Chem Companies And The Oil Delusion

By Nigel Davis and John Richardson

On the financial markets it depends when investors feel confident enough to step back into shares. An analyst on Tuesday asked who would be willing to catch a falling knife?

But there are already indications of a mini-rally following the slump on global markets of the past week. Stock market indices in Europe moved higher on Tuesday and the Dow opened up on the Monday close. Chemicals stock prices rallied following steep falls.

But in this latest downturn, it has not been so much the magnitude of the slump on stock exchanges globally that has caught the attention but the speed of the fall.

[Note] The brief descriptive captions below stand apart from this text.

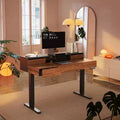 Standing Desk with Drawers, 48 Inches Electric Height Adjustable Desk with Storage, Whole Piece Board Sit Stand Up Desk with Monitor Shelf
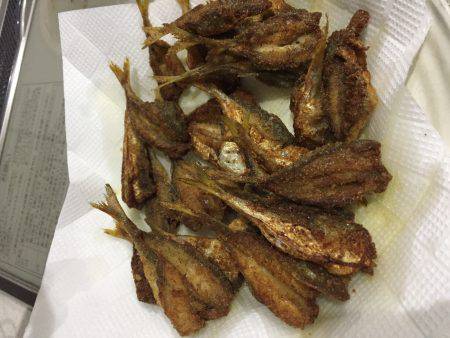 ファミリーフィッシング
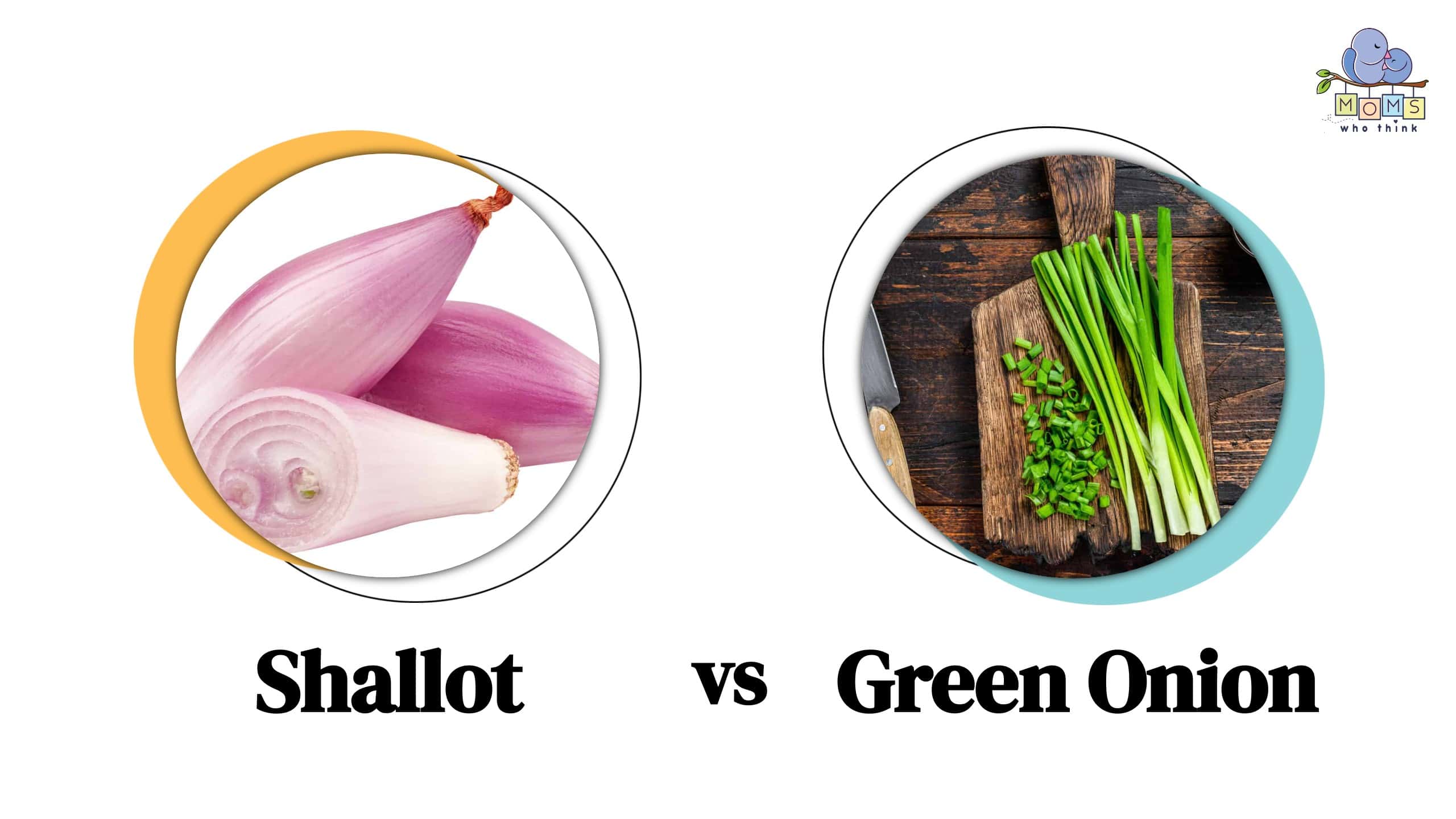 FreshPoint  What's the difference between a shallot and an onion?
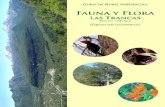 Guías de Ñuble naturaleza. Fauna y flora Las Trancas. Pinto - Ñuble. (Especies más características). (2009)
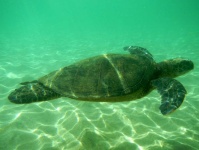 image of animal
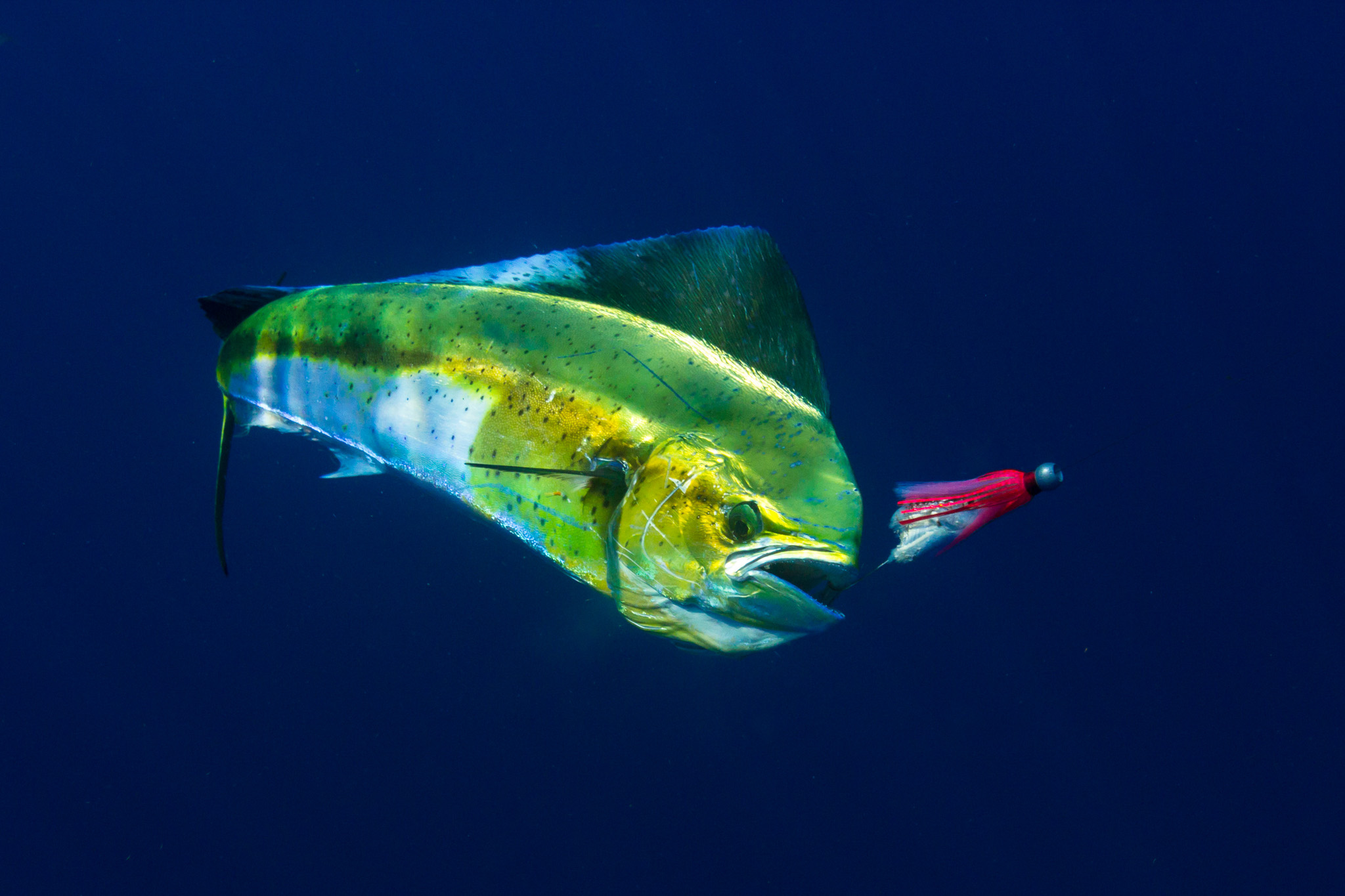 A mahi mahi hooked on a trolled lure.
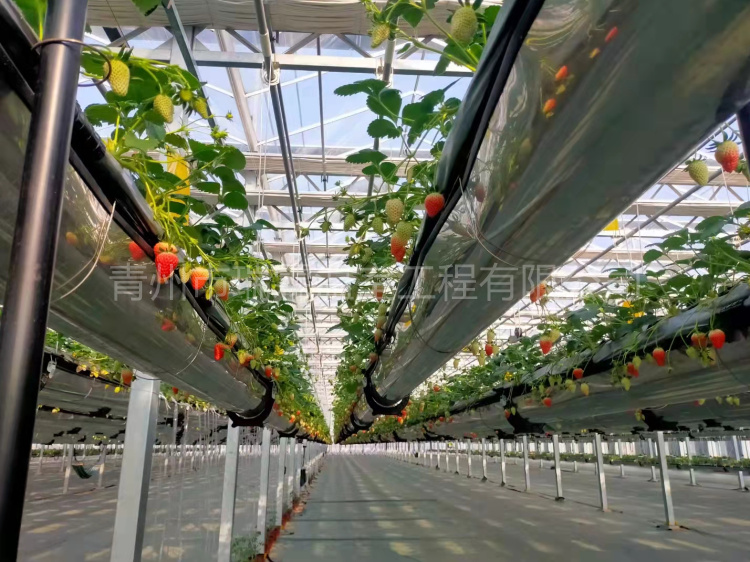 微信圖片_202202071717474(1)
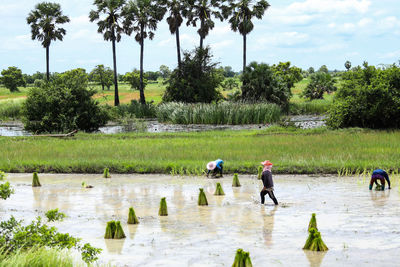 People working on field by trees against sky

The downgrade of US sovereign debt by Standard & Poor’s triggered the latest turn down in stock and commodity markets, alongside the on-going struggle with the eurozone debt crisis.

The fundamentals behind the painfully slow recovery from the 2008-2009 crisis have been clear for a long time. High stock and commodity prices, particularly the price of oil, have built largely on the assumption that times are a lot better than they were.

No-one likes a bad story so no-one listens. But when the news is particularly bad, they sit up and take notice.

Fiscal stimulus underpinned market growth in 2009 and 2010 and, the removal of this underpinning of demand growth has begun to bite.

Consumers and companies react by spending less. Government cutbacks put the brakes on economies with little or no forward momentum in the first place.

Clearly, the chemical industry has benefited greatly from the money pumped into the US, European and China economies. It is one of the first to react to stronger industrial demand.

By the same token, it should be one of the first respond to falls in physical market demand and to lower commodity (feedstock) prices.

Chemical markets in Europe and the US have been weakening since late in the second quarter. That became widely apparent as producers reported on a strong period but one which demonstrated the first signs of weakness for some time.

China’s important polyolefins markets had been weak since April and the impact was beginning to show. At the time the weakness in these markets was traded off to some extent by improving fundamentals in the US and in Europe.

But the extreme stock and commodity market nervousness of recent days has highlighted the uncertainty that overshadows both the US and other major world economies. The US is pulling out of the 2008-2009 recession but only slowly and could well dip back. Germany’s encouragingly strong industrial growth in recent quarters was driven by exports – largely to the rest of Europe. As those exports weaken so the gloss is taken off the industrial giant which is so important to the well-being of the European chemicals sector.

In chemicals all eyes must turn to China, a country which has provided so much of the growth for the industry since 2009.

A key question is whether China can or, indeed, wants to, stimulate the economy the way it did in 2008 and 2009. Inflation hit a three-year high in July, and bad debts are rising, so this looks difficult.

For weeks now there has been a recovery in petrochemical prices in Asia as local manufacturers gear up to feed products into a Christmas season market in the West.

Asian markets are also being supported by tight supply in polyolefins as a result of scheduled maintenance work and mechanical problems at plants in Saudi Arabia and Taiwan.

But as of yesterday, confidence had evaporated. Traders were nervously eyeing their inventory levels as buyers hung around on the sidelines waiting to see when prices might bottom.

And given very weak consumer sentiment in Asia, it is hard to envisage a very strong peak manufacturing season.

The fact that producers and traders in Asia are now talking about when prices might bottom is a big change. Only a week ago they were talking about how much further they would be able to increase prices.

This new bottom in the market is likely to set by where oil prices settle.